TOO LITTE ATTENTION is paid to the screenwriters, many of whom manage to conjure up clear, credible stories out of vast tomes that dwell on the often un-filmable inner-life of people, and manage to contain it all within the two to three hour framework of a movie. And so this review pays homage to the English writer, William Nicholson whose craftsmanship has helped bring to life the magnificent “Gladiator”, Cate Blanchett’s “Elizabeth, the Golden Age” and (the risable) “First Knight”. It was his skill that was able to take Mandela’s biography (Mandela has been credited as one of the screen-writers) and fashion it, in “Mandela: Long Walk to Freedom”, into a taut, well acted, nicely directed and very human drama.
What could so easily have been a dramatized quasi-documentary history lesson is a fully-rounded, engagingly powerful story about a ‘born leader’. The story is about a man whose moral evolution segues from that of a flightily randy, self-absorbed striver (he was quite the ladies’ man) to a reluctant freedom-fighter, driven by anger and absorbed by the injustice of the system, to a man of peace and forgiveness dedicated to an almost impossible ideal of human togetherness.
Reviews have criticized the movie for being overly reverential, more about the icon than the man.

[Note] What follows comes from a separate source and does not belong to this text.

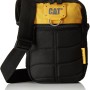 Borseta mini de umar CATERPILLAR Millennial Classic - Rodney, material 600D polyester - negru/galben 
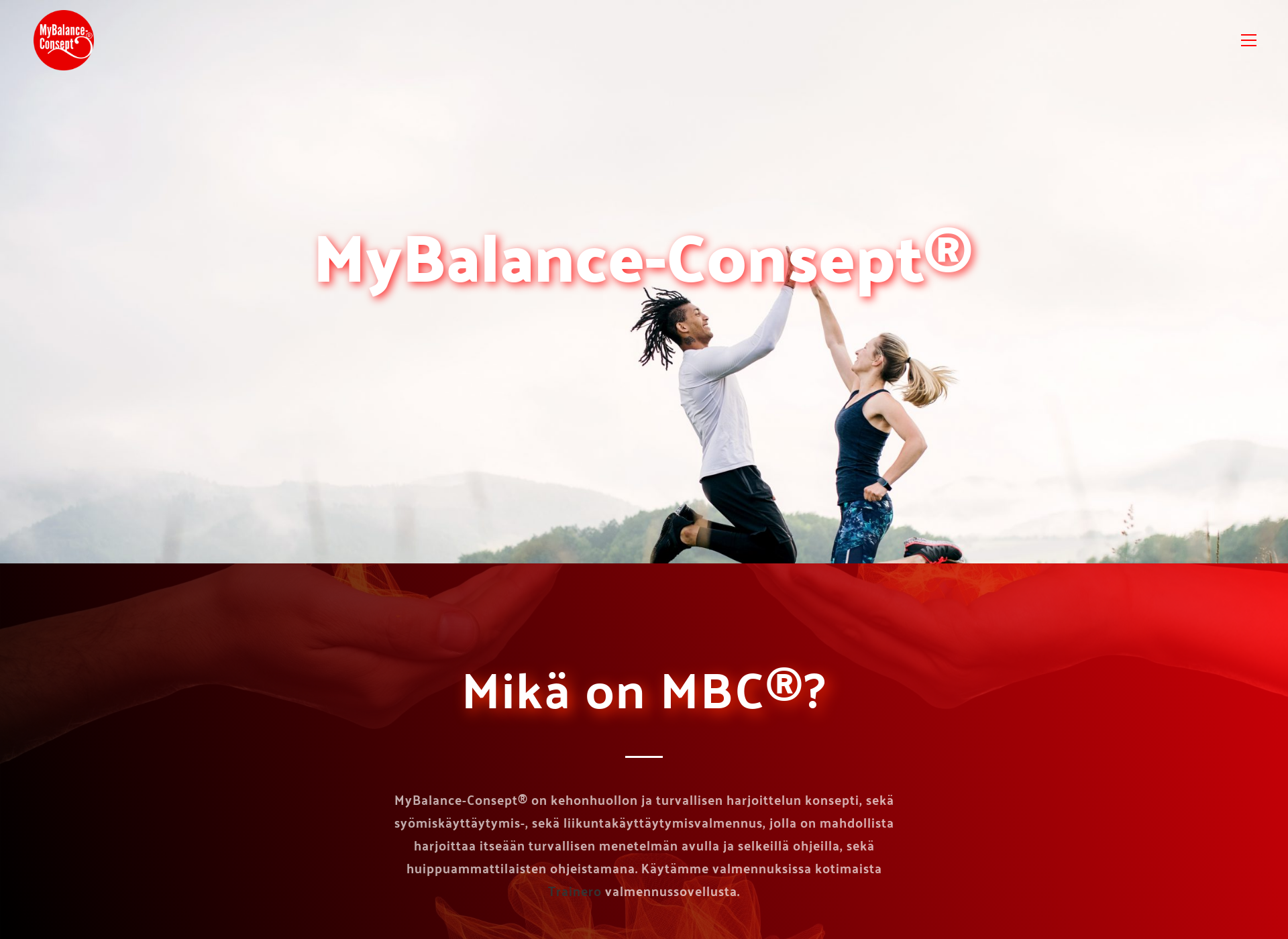 Skärmdump för mybalance.fi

I disagree – in “Mandela…” we meet someone who tries (and fails) to balance his role as a caring parent with that of a national leader. It was Shakespeare in the “Henry V” trilogy who first identified the inherent conflict between man as friend and father with man as leader and king. Henry V must shrug off the ‘humanity’ of his earlier incarnation as Prince Hal to become the august, and cold, leader of his fledgling nation. So too, we see, as Mandela’s life shifts from lover to leader that his world narrows away from the personal to the political. In the few moments when he was allowed to see his family (once every six months; and not until they were over sixteen), his conversations with Winnie and his daughter cannot stay away from what is his and, by extension, his family’s only reality: politics and the fight for freedom. One of the strengths of “Mandela…” is that, rather than glossing over the man and simply showing the icon, like “Henry V”, director Justin Chadwick (mainly TV stuff and “The Other Boleyn Girl”) and writer Nicholson allow us to see to extent to which Mandela must sacrifice the man, subvert his feelings, contain his anger, corral his sexual desires (when he’s finally re-united with a damaged, vengeance-driven Winnie) to become the icon of the great leader.
But this isn’t only Nelson’s long walk: the movie also clearly shows the tremendous role Winnie played – through violence and insurrection and guerilla tactics – in securing freedom and an equal vote. She too was incarcerated (for eighteen months in solitary) – an event that enabled her to channel her anger and fear into ruthless activism. Naomi Harris’ (Miss Moneypenny in “Skyfall”) “Winnie is a stunning (mini) portrait as we see her change over the years from the young blushing coquette to a stern, unbending revolutionary.
At the heart of the movie lies this dialogue between the role of insurrection v that of pacifism. At one moment, after years in prison, Mandela comes face to face with a group of younger prisoners, fellow-freedom fighters/seekers, who seethe with anger and for whom the icon of the struggle is just a bent, broken, passive old man tending his tomatoes in prison. What Mandela shows them is that all struggles progress and leadership lies in understanding how to respond to its phases. The movie (and probably the book, which I have not read) suggests that both forces – anger/resistance/terrorism as well as the force of forgiveness – are necessary. Winnie was as important as Nelson. His strength was in recognizing when it was necessary to change; together they brought South African freedom, but only his grander vision secured its future.
Idris Elba’s Mandela is a towering piece of acting. Though physically as an aged Mandela, he looks more like Sydney Poitier than Mandela, the actor manages to show a character criss-crossed by tensions, contradictions and restraint. He creates a Mandela as a man of action tempered by introspection and driven by almost super-human ideals.
Elba, or Idrissa Akuna Elba, (most people will recognize him from “Luther” and “The Wire”; along with other gems such as “Thor”, “Ghost Rider” and that modern classic, “Pacific Rim”), a Londoner of Sierra Leonese and Ghanian ancestry, is part of a wonderful flowering of extraordinary Black English talent. He joins Chiwetel Ejiofor (“12 Years a Slave”) – of Nigerian heritage; David Harewood ( as CIA director David Estes in “Homeland”) and Adrian Lester (recent OBE winner and lead in the National’s outstanding production of “Othello”), both of Caribbean heritage, to lead a renaissance of Black acting in the UK. Add to them Steve McQueen, who directed “12 Years…” and you feel there’s something very special occurring right now in England.